THE DATA:
>>

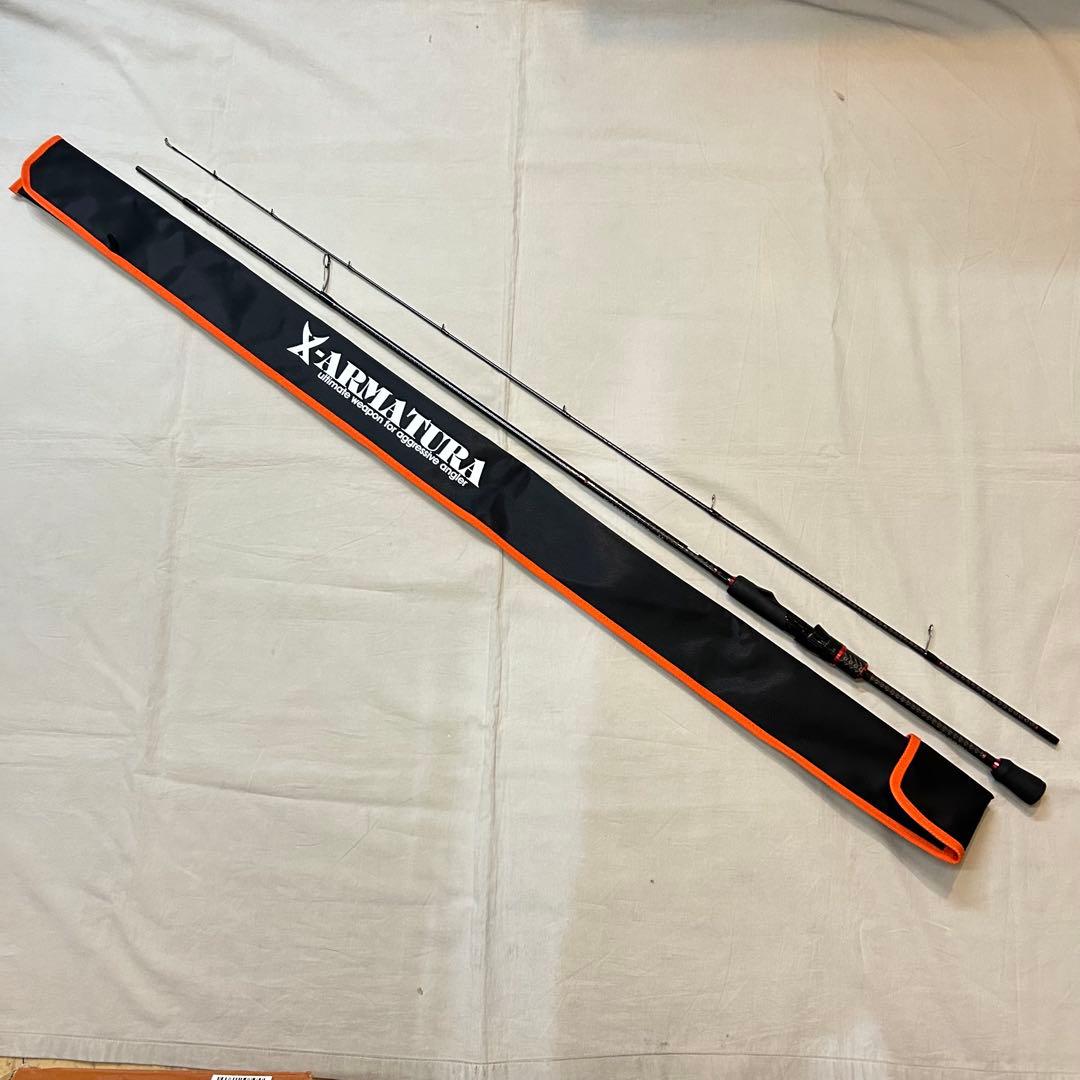 レガーメ アルマトゥーラ 斬 XAZ-76TZ エギングロッド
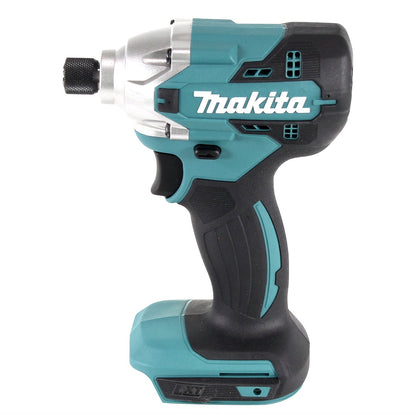 Makita DTD 156 F1X1 clé à chocs sans fil 18 V 155 Nm 1/4" + 1x batterie 3,0 Ah + jeu d'accessoires 74 pièces + mallette - sans chargeur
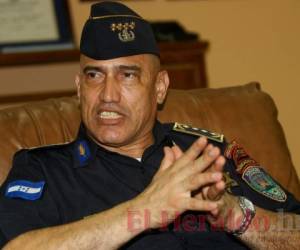 Juan Carlos “El Tigre” Bonilla, exdirector de la Policía, fue acusado la semana anterior por la justicia de Estados Unidos por delitos de narcotráfico.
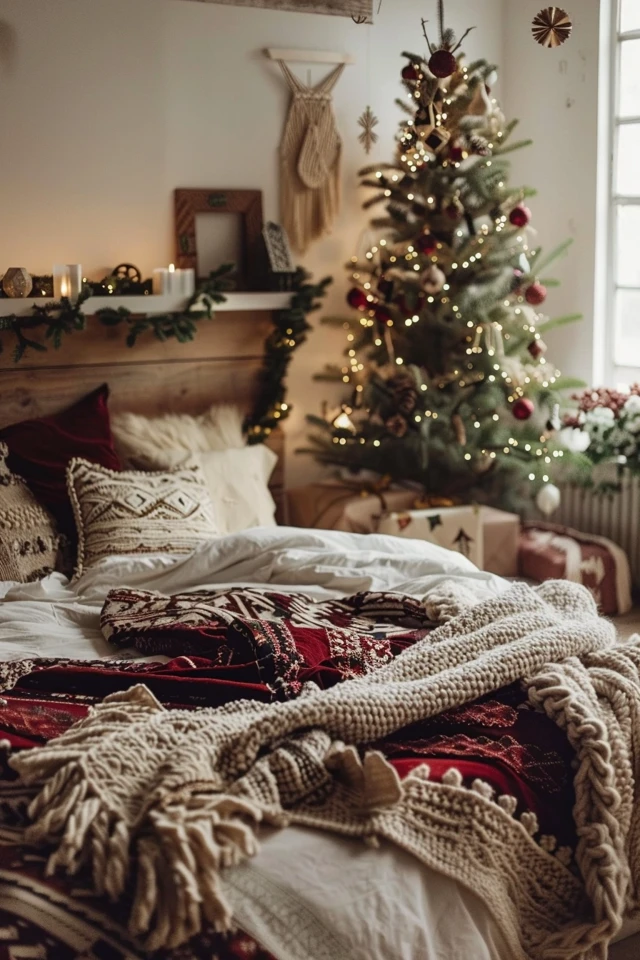 Essential Tips for Christmas Theme Bedroom Decor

<<

REQUIREMENT:
Your reply should restate the data above word for word and contain no pictures.

TASK RESPONSE:
 レガーメ アルマトゥーラ 斬 XAZ-76TZ エギングロッド
 Makita DTD 156 F1X1 clé à chocs sans fil 18 V 155 Nm 1/4" + 1x batterie 3,0 Ah + jeu d'accessoires 74 pièces + mallette - sans chargeur
 Juan Carlos “El Tigre” Bonilla, exdirector de la Policía, fue acusado la semana anterior por la justicia de Estados Unidos por delitos de narcotráfico.
 Essential Tips for Christmas Theme Bedroom Decor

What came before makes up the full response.